» **EXERCISE AIM**: Quote the listing in full, exactly as given, minus any pictures.

▬▬▬

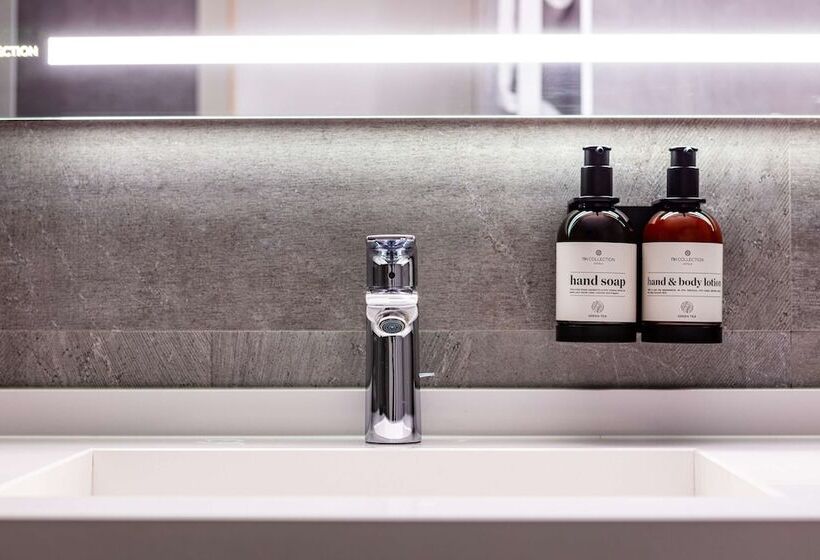 غرفة بريميوم مزودة بشُرفة, NH Collection Amsterdam Flower Market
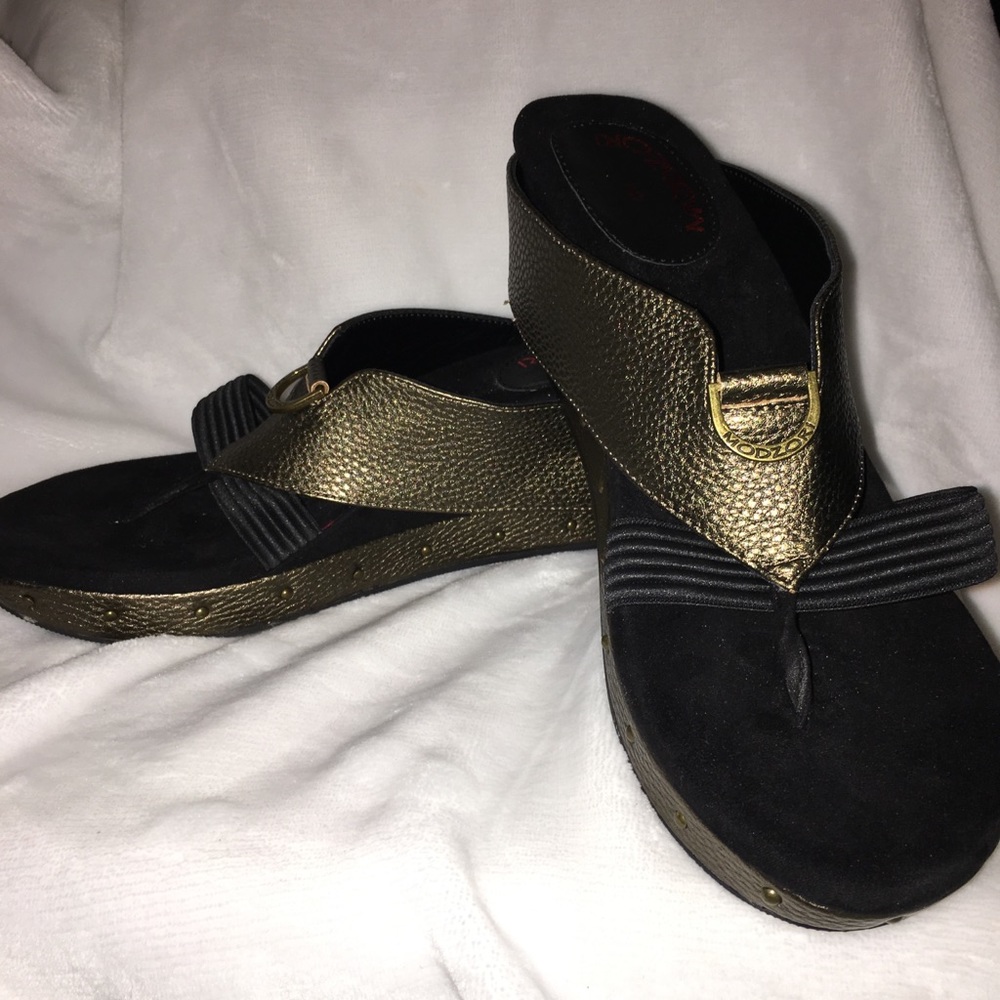 Ladies sandals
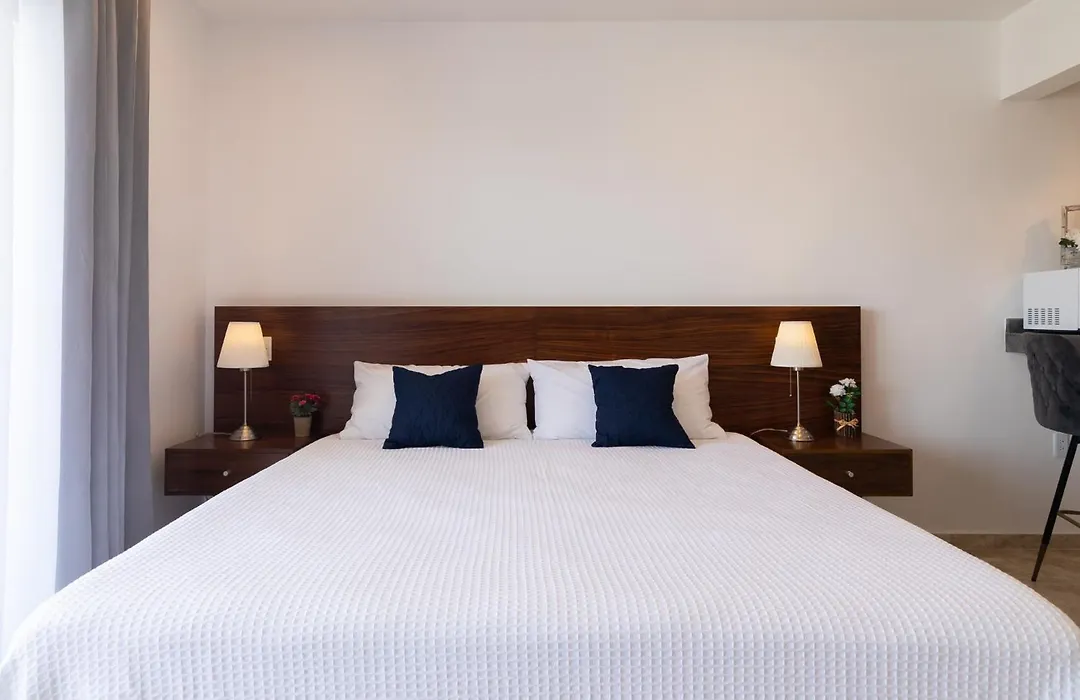 Kuyaan Coral Suites By Holiday In Playa-1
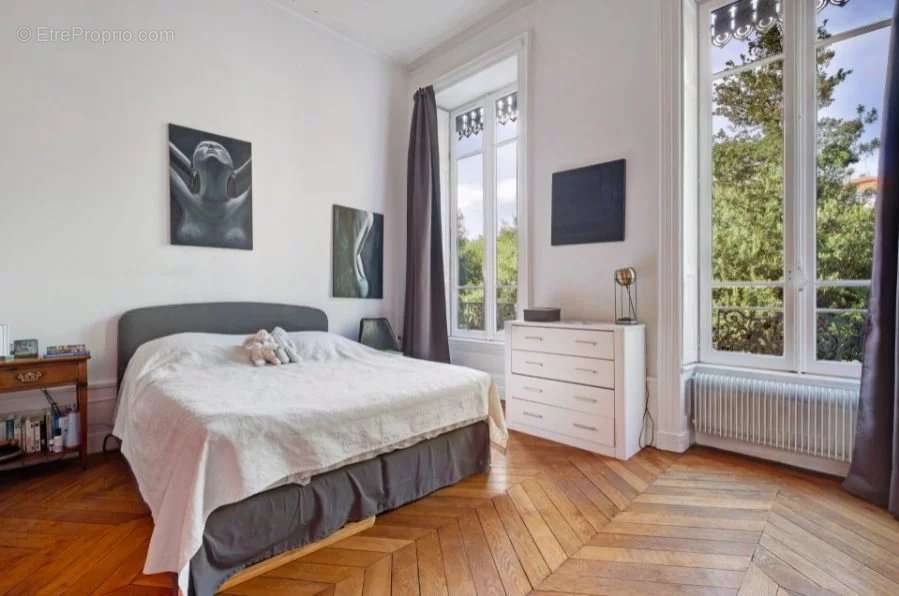 Appartement à PARIS-6E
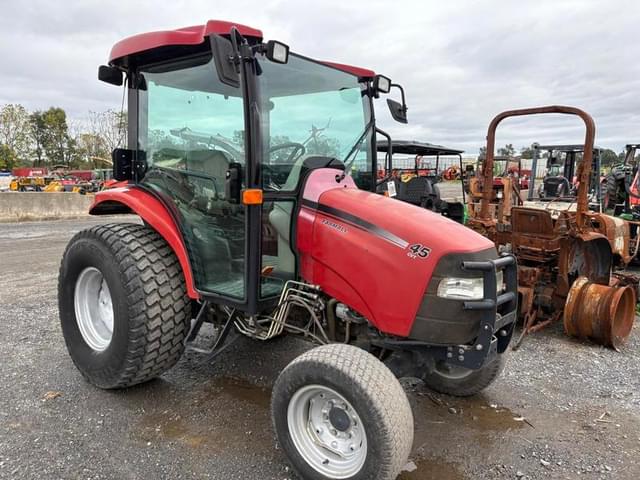 Image of Case IH Farmall 45 equipment image 3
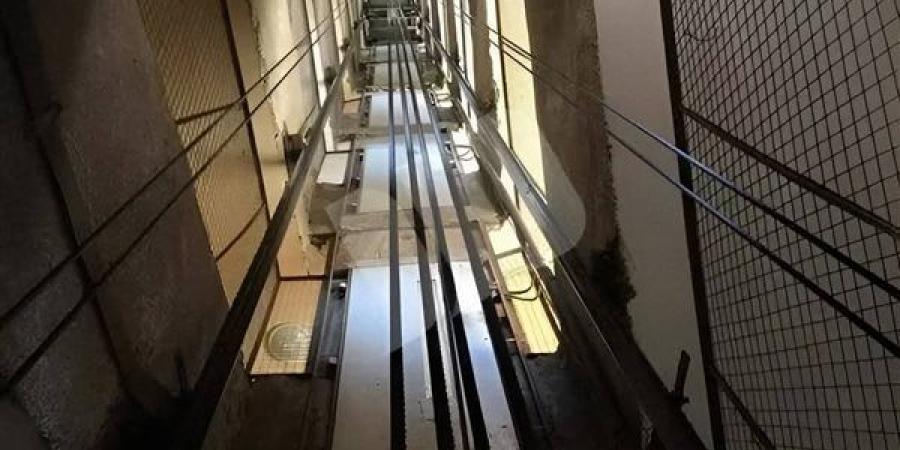 حادث
      مأساوي
      بالزيتون
      يتسبب
      في
      وفاة
      شخص
      داخل
      مصعد
      عقار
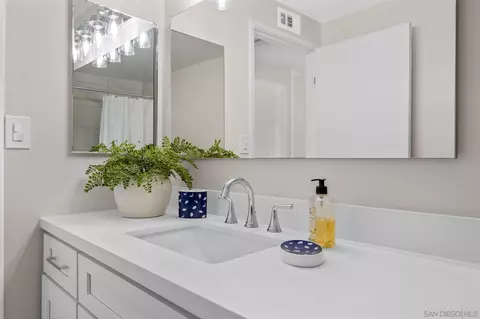 3252 Eichenlaub St, San Diego, CA 92117 photo 14
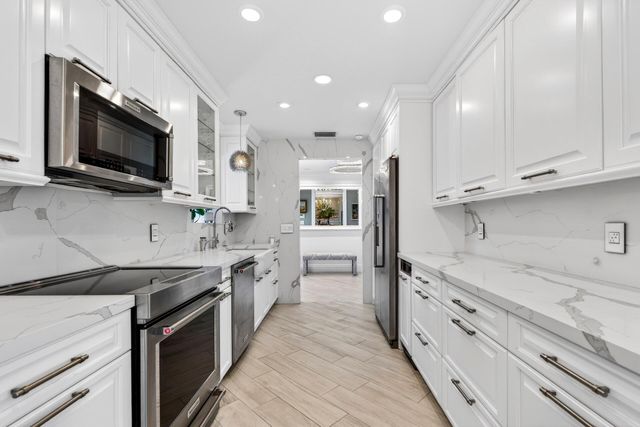 17 Villa Lane, Boynton Beach, FL 33436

▬▬▬

» **SOLUTION FOR THIS EXERCISE**:
 غرفة بريميوم مزودة بشُرفة, NH Collection Amsterdam Flower Market
 Ladies sandals
 Kuyaan Coral Suites By Holiday In Playa-1
 Appartement à PARIS-6E
 Image of Case IH Farmall 45 equipment image 3
 حادث
      مأساوي
      بالزيتون
      يتسبب
      في
      وفاة
      شخص
      داخل
      مصعد
      عقار
 3252 Eichenlaub St, San Diego, CA 92117 photo 14
 17 Villa Lane, Boynton Beach, FL 33436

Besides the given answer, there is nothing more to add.